We have a ring $A$ with order $4$. Show that $A$ is a field if and only if the equation $x^{2}+x+1=0$ has a root in $A$. I minded checking all 11 rings with order 4, but i am sure there is a better method.

Answer 1

Let $R = \{0,1,a,b\}$ be the ring in question. Suppose $R$ is in fact a field. Then $a$ has to have order 3 with inverse $b$, since it is the only other element available. Thus $b = a^2$, and $R = \{0,1,a,a^2\}$.

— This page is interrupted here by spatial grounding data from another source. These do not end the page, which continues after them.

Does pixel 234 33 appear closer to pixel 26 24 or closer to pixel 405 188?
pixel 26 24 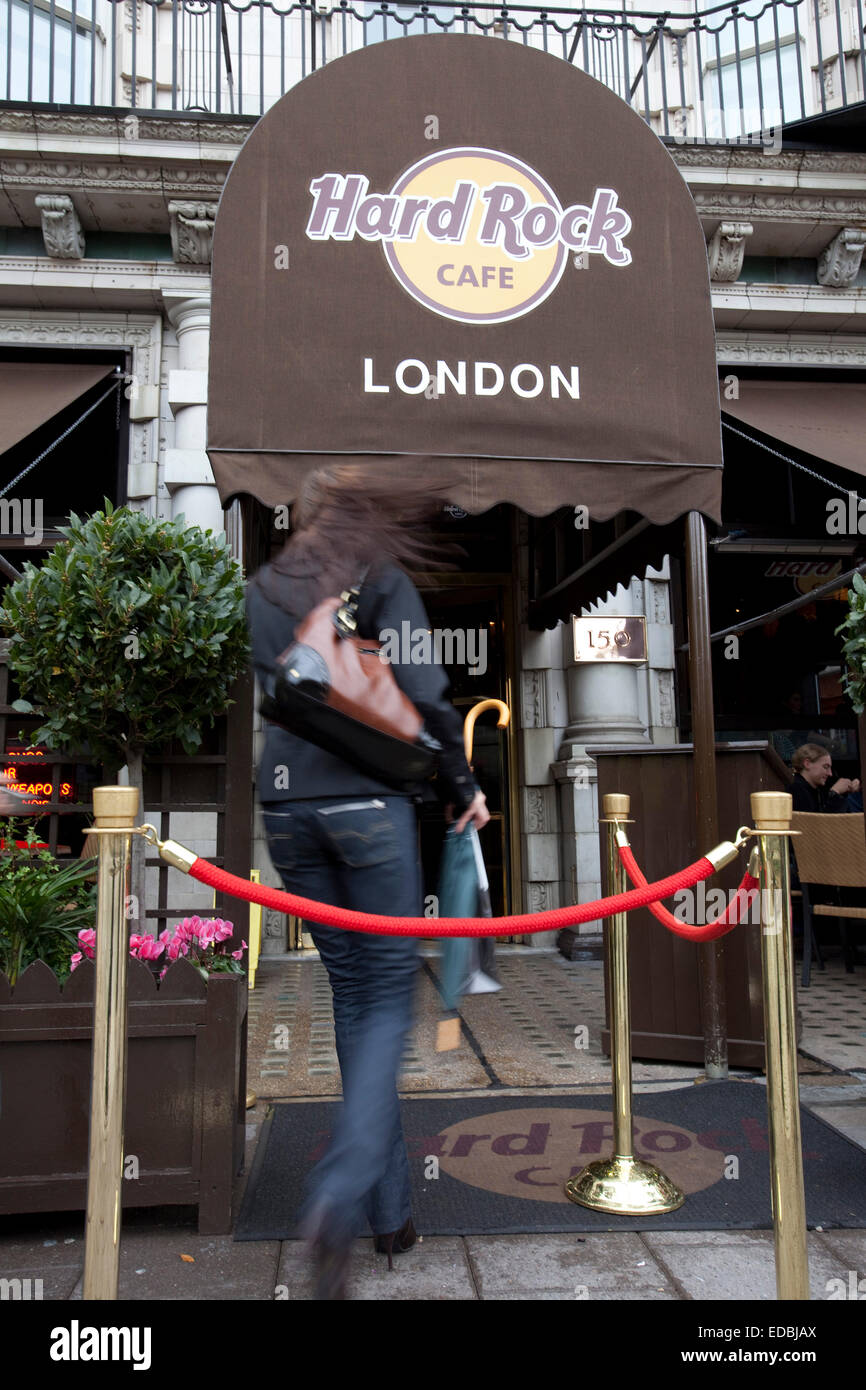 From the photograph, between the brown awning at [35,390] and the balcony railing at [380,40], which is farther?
the balcony railing at [380,40]

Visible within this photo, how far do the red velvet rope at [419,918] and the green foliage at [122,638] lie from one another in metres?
1.65

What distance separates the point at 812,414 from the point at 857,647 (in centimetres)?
545

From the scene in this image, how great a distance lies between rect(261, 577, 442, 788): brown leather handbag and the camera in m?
2.26

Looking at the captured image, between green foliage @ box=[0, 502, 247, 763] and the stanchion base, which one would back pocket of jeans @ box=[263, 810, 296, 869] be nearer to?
green foliage @ box=[0, 502, 247, 763]

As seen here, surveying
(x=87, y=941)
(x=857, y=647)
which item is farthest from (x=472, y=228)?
(x=87, y=941)

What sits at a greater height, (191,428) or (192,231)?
(192,231)

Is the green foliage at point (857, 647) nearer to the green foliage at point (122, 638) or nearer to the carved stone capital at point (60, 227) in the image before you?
the green foliage at point (122, 638)

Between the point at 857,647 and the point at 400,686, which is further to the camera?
the point at 857,647

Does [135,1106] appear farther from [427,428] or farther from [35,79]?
[35,79]

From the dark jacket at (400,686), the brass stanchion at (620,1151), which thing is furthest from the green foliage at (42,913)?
the brass stanchion at (620,1151)

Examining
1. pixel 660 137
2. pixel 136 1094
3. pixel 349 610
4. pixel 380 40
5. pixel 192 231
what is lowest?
pixel 136 1094

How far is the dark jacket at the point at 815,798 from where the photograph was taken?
7.23 meters

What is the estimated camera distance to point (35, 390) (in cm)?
759

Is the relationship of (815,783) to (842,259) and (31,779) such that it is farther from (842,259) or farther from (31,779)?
(31,779)
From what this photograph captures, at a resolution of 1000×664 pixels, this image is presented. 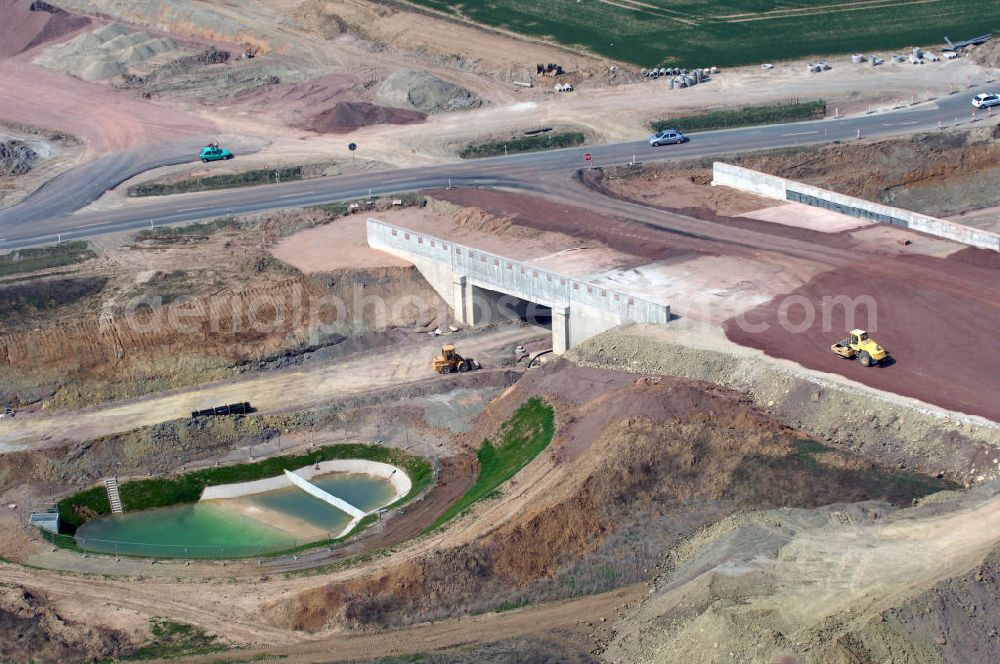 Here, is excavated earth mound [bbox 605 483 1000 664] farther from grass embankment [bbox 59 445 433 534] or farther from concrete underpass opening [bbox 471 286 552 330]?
concrete underpass opening [bbox 471 286 552 330]

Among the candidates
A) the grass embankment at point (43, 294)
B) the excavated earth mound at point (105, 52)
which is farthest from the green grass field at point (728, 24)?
the grass embankment at point (43, 294)

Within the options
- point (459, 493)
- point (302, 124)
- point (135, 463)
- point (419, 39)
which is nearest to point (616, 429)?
point (459, 493)

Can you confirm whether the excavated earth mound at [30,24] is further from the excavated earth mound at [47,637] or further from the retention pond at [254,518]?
the excavated earth mound at [47,637]

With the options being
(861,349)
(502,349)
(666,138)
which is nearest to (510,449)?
(502,349)

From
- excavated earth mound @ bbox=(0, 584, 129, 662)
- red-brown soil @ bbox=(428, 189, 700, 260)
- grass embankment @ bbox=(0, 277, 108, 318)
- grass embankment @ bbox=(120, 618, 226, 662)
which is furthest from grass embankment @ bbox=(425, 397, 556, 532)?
grass embankment @ bbox=(0, 277, 108, 318)

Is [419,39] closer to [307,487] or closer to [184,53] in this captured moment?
[184,53] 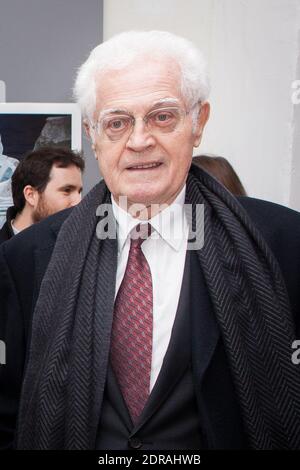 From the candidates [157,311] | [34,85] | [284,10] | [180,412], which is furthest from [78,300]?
[34,85]

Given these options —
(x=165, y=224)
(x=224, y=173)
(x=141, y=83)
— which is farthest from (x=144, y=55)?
(x=224, y=173)

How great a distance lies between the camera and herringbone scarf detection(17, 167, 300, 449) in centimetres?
95

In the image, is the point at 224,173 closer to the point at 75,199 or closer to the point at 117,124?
the point at 75,199

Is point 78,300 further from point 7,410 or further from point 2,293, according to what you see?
point 7,410

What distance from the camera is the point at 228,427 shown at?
0.94m

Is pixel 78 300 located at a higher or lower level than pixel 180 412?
higher

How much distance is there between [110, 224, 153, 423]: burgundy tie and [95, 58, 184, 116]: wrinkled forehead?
22 cm

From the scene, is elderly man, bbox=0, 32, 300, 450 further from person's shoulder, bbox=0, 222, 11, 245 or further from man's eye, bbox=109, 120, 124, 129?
person's shoulder, bbox=0, 222, 11, 245

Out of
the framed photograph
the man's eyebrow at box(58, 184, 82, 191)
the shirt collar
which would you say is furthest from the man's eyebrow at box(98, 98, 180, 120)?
the man's eyebrow at box(58, 184, 82, 191)

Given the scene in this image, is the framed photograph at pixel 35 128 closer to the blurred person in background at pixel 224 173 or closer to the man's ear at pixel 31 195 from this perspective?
the man's ear at pixel 31 195

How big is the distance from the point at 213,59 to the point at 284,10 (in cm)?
76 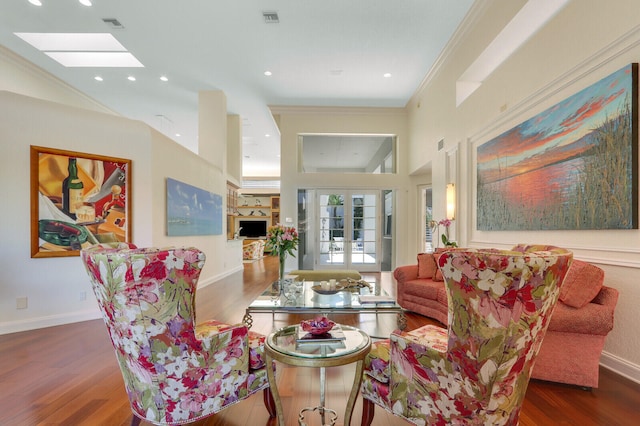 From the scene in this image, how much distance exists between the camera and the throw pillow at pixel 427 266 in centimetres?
405

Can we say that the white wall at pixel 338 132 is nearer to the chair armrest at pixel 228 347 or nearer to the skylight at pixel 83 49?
the skylight at pixel 83 49

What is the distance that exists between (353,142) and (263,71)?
3046 mm

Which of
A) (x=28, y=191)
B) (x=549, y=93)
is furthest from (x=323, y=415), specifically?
(x=28, y=191)

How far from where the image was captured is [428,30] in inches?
175

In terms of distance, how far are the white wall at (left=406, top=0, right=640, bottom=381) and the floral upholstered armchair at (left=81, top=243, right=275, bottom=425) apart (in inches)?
109

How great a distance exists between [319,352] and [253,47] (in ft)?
Result: 15.8

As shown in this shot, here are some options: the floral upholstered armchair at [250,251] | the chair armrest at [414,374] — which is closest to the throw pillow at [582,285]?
the chair armrest at [414,374]

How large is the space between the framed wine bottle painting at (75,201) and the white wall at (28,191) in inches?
3.4

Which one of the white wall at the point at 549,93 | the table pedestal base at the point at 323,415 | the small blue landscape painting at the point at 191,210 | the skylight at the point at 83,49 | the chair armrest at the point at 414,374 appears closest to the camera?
the chair armrest at the point at 414,374

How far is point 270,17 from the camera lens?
4.11 metres

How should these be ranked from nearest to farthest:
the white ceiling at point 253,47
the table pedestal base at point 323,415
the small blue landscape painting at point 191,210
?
Result: 1. the table pedestal base at point 323,415
2. the white ceiling at point 253,47
3. the small blue landscape painting at point 191,210

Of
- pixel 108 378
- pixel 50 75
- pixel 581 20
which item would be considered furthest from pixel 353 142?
pixel 108 378

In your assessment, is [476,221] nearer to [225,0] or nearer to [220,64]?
[225,0]

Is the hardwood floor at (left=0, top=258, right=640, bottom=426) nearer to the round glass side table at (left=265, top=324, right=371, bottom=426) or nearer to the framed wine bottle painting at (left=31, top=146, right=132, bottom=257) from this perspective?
the round glass side table at (left=265, top=324, right=371, bottom=426) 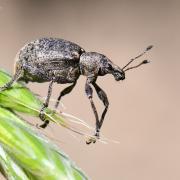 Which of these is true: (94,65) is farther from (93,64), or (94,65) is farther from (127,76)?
(127,76)

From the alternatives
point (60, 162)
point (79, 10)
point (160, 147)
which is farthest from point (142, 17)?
point (60, 162)

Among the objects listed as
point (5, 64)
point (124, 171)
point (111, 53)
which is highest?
point (111, 53)

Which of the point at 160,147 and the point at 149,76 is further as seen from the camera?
the point at 149,76

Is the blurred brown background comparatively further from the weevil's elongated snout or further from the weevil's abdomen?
the weevil's abdomen

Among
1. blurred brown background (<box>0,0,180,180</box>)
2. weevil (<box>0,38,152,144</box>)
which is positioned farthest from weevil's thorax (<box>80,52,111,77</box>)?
blurred brown background (<box>0,0,180,180</box>)

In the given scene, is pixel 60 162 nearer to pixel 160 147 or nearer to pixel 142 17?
pixel 160 147

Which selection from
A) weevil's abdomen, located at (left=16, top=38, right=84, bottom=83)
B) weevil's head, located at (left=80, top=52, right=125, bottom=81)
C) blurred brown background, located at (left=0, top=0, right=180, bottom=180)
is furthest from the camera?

Notice that $R$ has characteristic 2. The see this, consider the sequence $1,1+1,1+1+1,...$ and see when it starts repeating.

Now consider what the expression $a+1$ is equal to in $R$. We cannot have $a+1 \in \{1,a\}$ because $1$ and $a$ are not zero. Thus $a+1 \in \{0,a^2\}$

Since we are in characteristic 2, $a+1 = 0$ would imply $a=-1=1$ which is a contradiction, so $a+1 = a^2 = -a^2 \implies a^2 + a + 1 =0$.

Likewise, if we assume $R = \{0,1,a,b\}$ has an element (wlog a) such that $a^2+a+1 = 0$ then $a(a+1) = -1$, which is invertible. By a similar argument as before, its inverse must be $b$ so all elements are invertible. Thus $R$ is a field.